Records for the exercise:
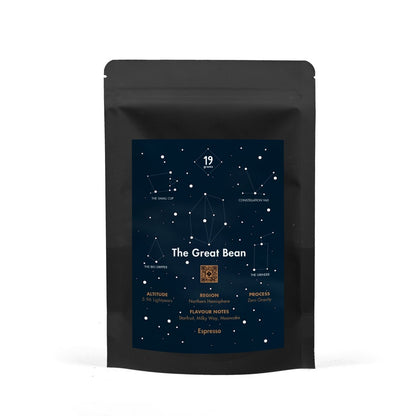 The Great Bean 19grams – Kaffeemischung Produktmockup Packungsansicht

--

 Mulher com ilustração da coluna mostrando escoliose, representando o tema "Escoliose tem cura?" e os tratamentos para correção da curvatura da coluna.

==

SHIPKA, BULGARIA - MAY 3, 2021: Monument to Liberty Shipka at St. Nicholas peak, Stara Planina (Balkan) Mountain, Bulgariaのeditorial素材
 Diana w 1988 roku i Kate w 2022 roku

About this exercise: Go to the line in the material above that contains "SHIPKA, BULGARIA - MAY" and copy exactly from there through the line that contains "Diana w 1988 roku i Kate w 2022 roku", stopping after it.

The completed task:
SHIPKA, BULGARIA - MAY 3, 2021: Monument to Liberty Shipka at St. Nicholas peak, Stara Planina (Balkan) Mountain, Bulgariaのeditorial素材
 Diana w 1988 roku i Kate w 2022 roku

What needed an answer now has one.